En outre, l'action 8 « Fonds d'investissement pour la biodiversité et la restauration écologique » , qui était abondée à hauteur de deux millions d'euros de crédits de paiement en 2014, est supprimée , contribuant ainsi à la simplification de l'architecture du programme.
* 23 Le programme 203 « Infrastructures et services de transport » et le programme 205 « Sécurité et affaires maritimes, pêche et aquaculture » font l'objet du rapport de notre collègue Marie-Hélène Des Esgaulx, tandis que le programme 170 « Météorologie » est analysé par notre collègue Vincent Capo-Canellas.
* 24 L'action 8 « Fonds d'investissement pour la biodiversité et la restauration écologique », qui portait, dans la loi de finances pour 2014, sur les crédits de paiement destinés à couvrir les dépenses engagées en 2012 et 2013, disparaît dans la maquette 2015.
* 25 Comme chaque année, il s'agit principalement des contrats NATURA 2000 (32 % du total), de la Trame verte et bleue (22 %) ainsi que des mesures territoriales dans le domaine de l'eau et des espaces marins (20 %).
* 26 Contre 1,38 million d'euros en AE et 1,03 million d'euros en CP pour l'année 2014.
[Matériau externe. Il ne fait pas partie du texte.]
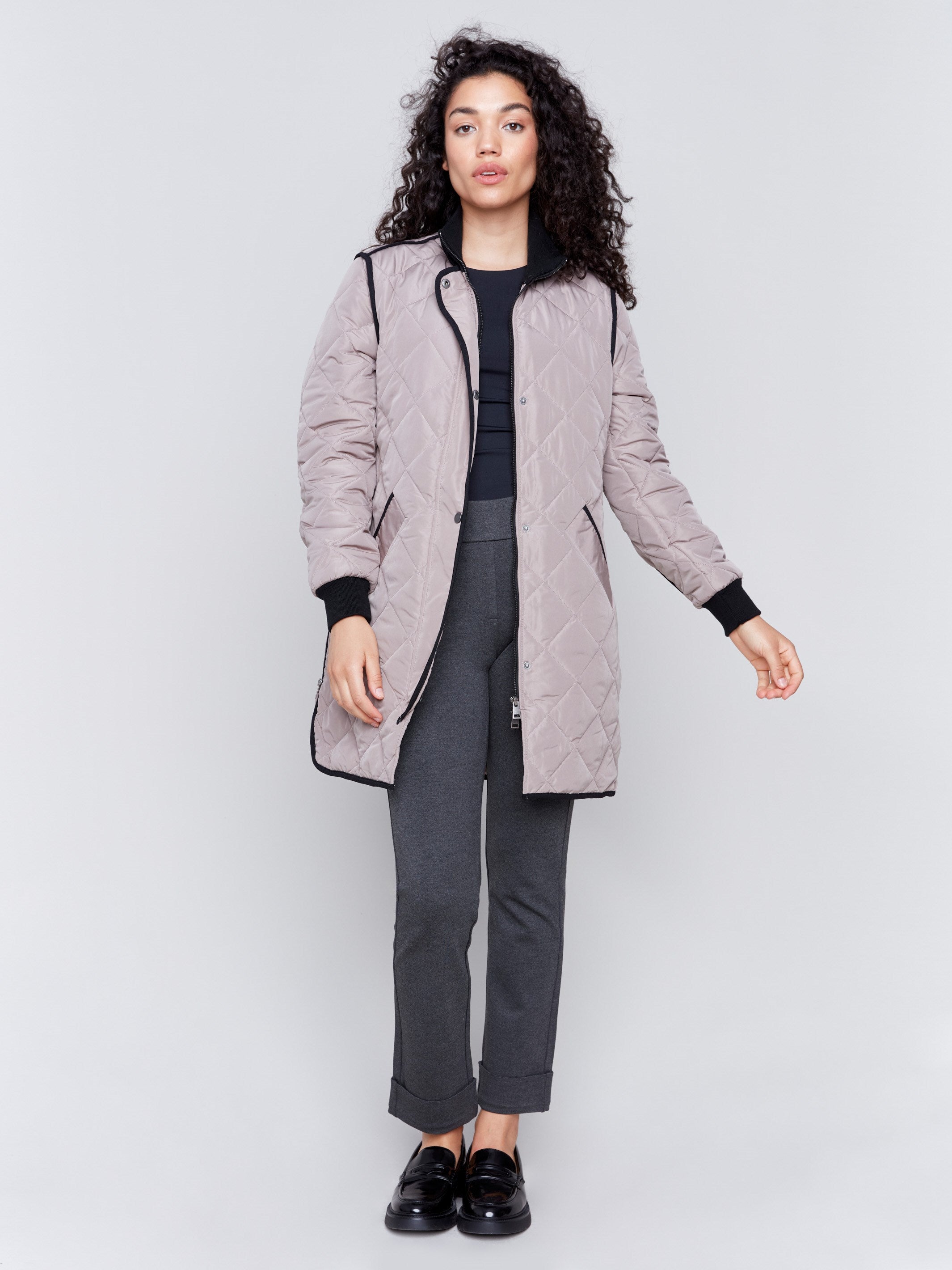 Taupe long quilted puffer jacket with rib knit detail, zipper front, and front pockets by Charlie B.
* 27 Communiqué de l'Association des maires de France (AMF), en date du14 octobre 2014.
* 28 La gestion du trait de côte recevant une dotation à hauteur de 2,70 millions d'euros en AE et 2,43 millions d'euros en CP pour 2015.
* 29 Directive 2008/99/CE du Parlement européen et du Conseil du 19 novembre 2008 relative à la protection de l'environnement par le droit pénal.
* 30 La constitution d'une Trame verte et bleue comme outil d'aménagement du territoire a pour finalité de créer des continuités territoriales, conformément aux préconisations du Grenelle de l'environnement et aux dispositions des articles L. 371-1 et suivants du code de l'environnement.